应年顿住脚步,深吸了口气,心里轻轻叹了一声——这人还是这样,光是站在那里,就轻易搅乱了他的节奏。他脸上先弯起一抹温和的笑,声音浅淡:“谢总。”
谢承祈闻声抬眼,那层薄冰瞬间融了。他弯起眼,眼尾微微上挑,笑意漫上来时,连眼瞳里都盛了光,勾得人呼吸一滞。谢承祈直起身,语气熟稔地不像话:“应工忙完了?”
“谢总找我有什么事吗?”应年站在原地,没再往前半分。
“没事就不能来看看应工?”谢承祈倾身凑近,眼弯得更甚,语气里带着漫不经心的撩拨,像在逗弄什么猎物。
应年不动声色地退开半步,心跳又乱了一瞬,脸上笑意却丝毫未减。
谢承祈直起身,语气淡了几分,却依旧笑着:“我来找应工,谈项目。”
“我记得这个项目的对接负责人,应该不是谢总您。”应年抬眼,语气平静无波,指尖却在没人看到的地方微微发紧。
“原来应工还是这么关心我。”谢承祈低笑一声,尾音里藏着得逞的软意。
应年心口发闷,又慌了几分,却只能硬撑着维持镇定:“谢总多虑了,我只是不想项目出纰漏。”
谢承祈略微挑眉,信以为真地点点头:“应工做事这么严谨,倒让我放心。”他抬腕看了眼表,“还没吃午饭吧?一起?边吃边聊。”

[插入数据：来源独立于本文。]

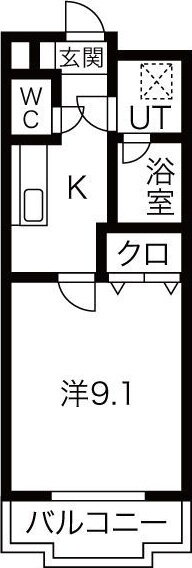 岩手県北上市上野町４ 柳原駅 1K マンション 賃貸物件詳細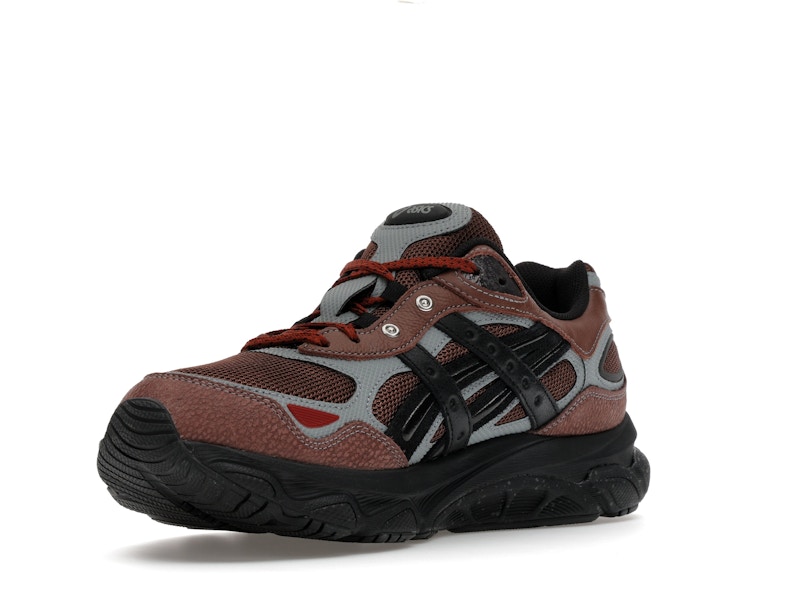 ASICS Gel-NYC 2.0 SSHS HAL STUDIOS Architecture of Everyday Life Mahogany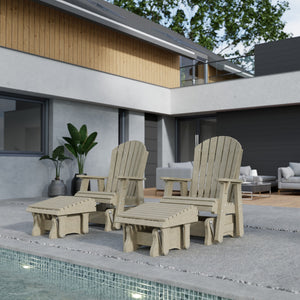 Heritage Gliding Footrest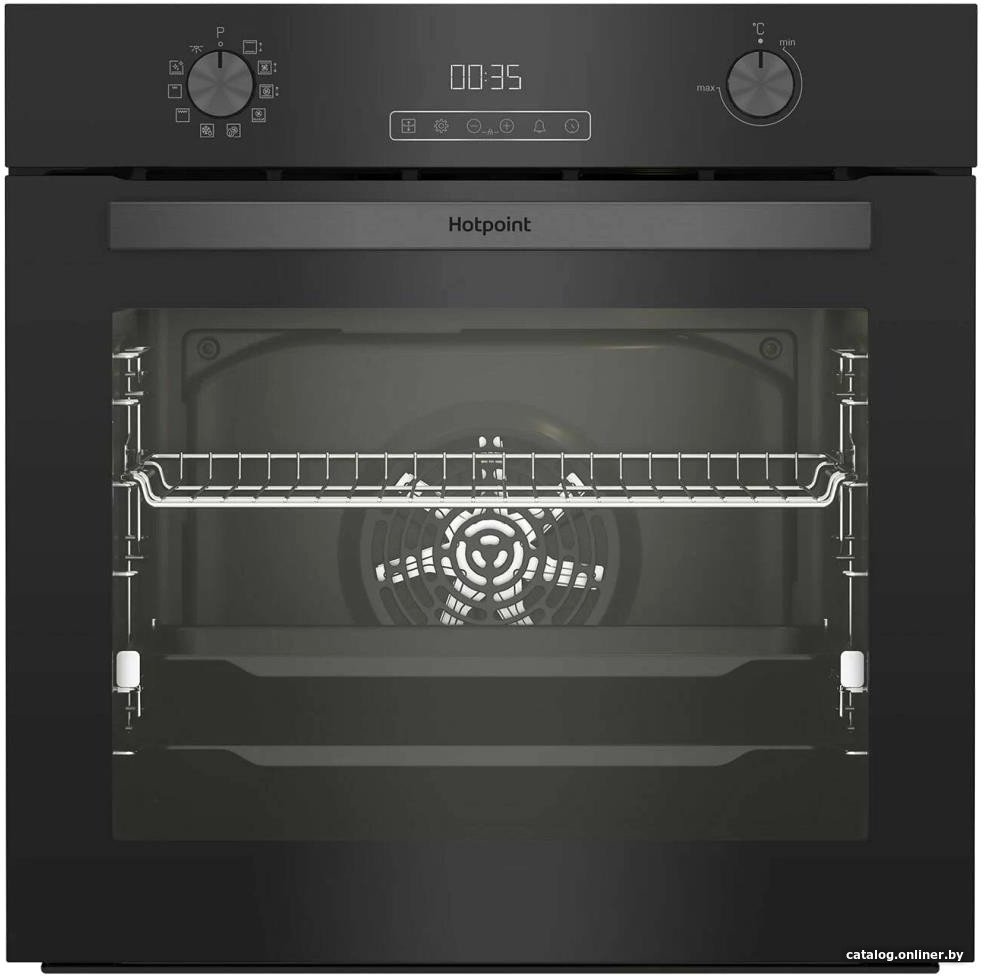 Электрический духовой шкаф Hotpoint FE9 831 JSH BLG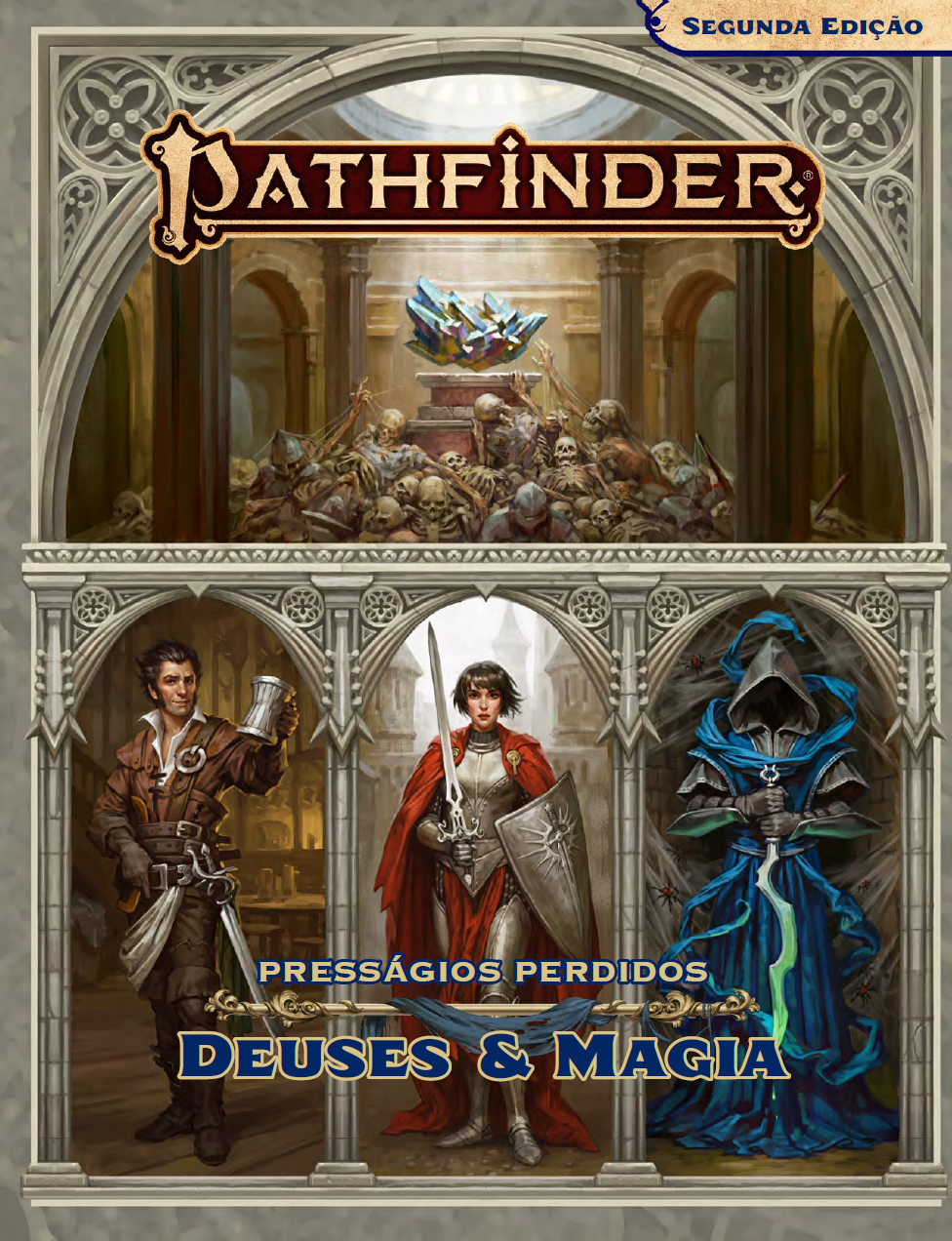 Pathfinder - O Jogo de Aventuras - Hobbies e coleções - Souza, Belém  1237751633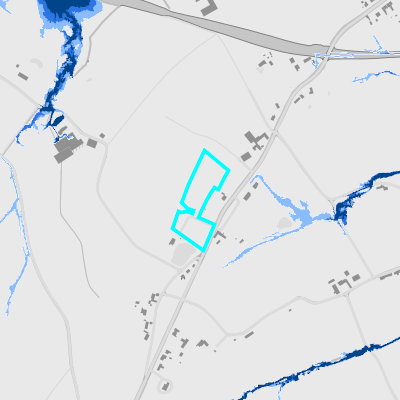 Overstromingsgevoelig (pluviaal)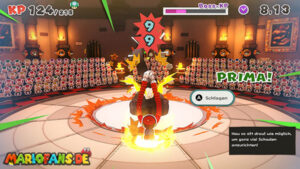 Bowser’s Castle — Paper Mario: The Origami King walkthrough screenshot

应年刚要开口,谢承祈又倾身靠近,桃花眼微微垂着,眼尾扫过他的手腕,声音放得又轻又软,像羽毛蹭过心尖:“应工应该不会拒绝我的吧?”
应年本该开口拒绝,话到嘴边又没能说出口。鬼使神差地,他就被这个人勾着走了。
酒店包间里,谢承祈在点菜。应年听着那些熟悉又遥远的菜名,不知不觉间走了神,指尖轻轻抵在杯沿,目光放空。
谢承祈合上菜单,没立刻说话,只是安安静静看着他出神的样子,眼底的笑意沉得像水。
半晌,谢承祈才低低笑了一声,开口时语气轻缓,却带着毫不掩饰地试探:“怎么,和我吃饭,让应工觉得不踏实?”
应年回神,指尖微蜷,只淡淡回了一句:“没有。”
应年端起水杯喝水,试图掩去喉间的发紧。
“你就没有什么想问我的吗?”谢承祈的声音认真起来,目光直直落在应年脸上。
应年的动作骤然顿住,心像被什么东西狠狠攥了一下。
他怎么会没有想问的。
只是那些话藏了太久,久到他不敢先开口,只等眼前这个人,先给他一点确定的答案。
应年放下水杯,抬眼时语气平静得近乎冷淡:“谢总平时忙到连条消息都没空回的人,怎么这会儿反倒有功夫,同我聊这些无关紧要的事了?”
那句话一落,包间里瞬间静得能听见彼此的呼吸。
谢承祈被噎得一时说不出话,胸腔里翻涌的情绪却清晰得要命——他又喜又疼,喜的是应年还在等,疼的是他把这份等待熬成了刺人的话。
半晌,他低低笑了一声,那笑声里没有半分恼意,只剩藏不住的软和疼惜。
应年的指尖攥得发白,指节泛出冷色。刚刚说出那句话已经用尽他全身的力气。
下一秒,谢承祈起身了。
实木地板传来极轻的脚步声,一步一步,从圆桌对面,直直朝他走过来。
应年僵在原地,连呼吸都不敢太重。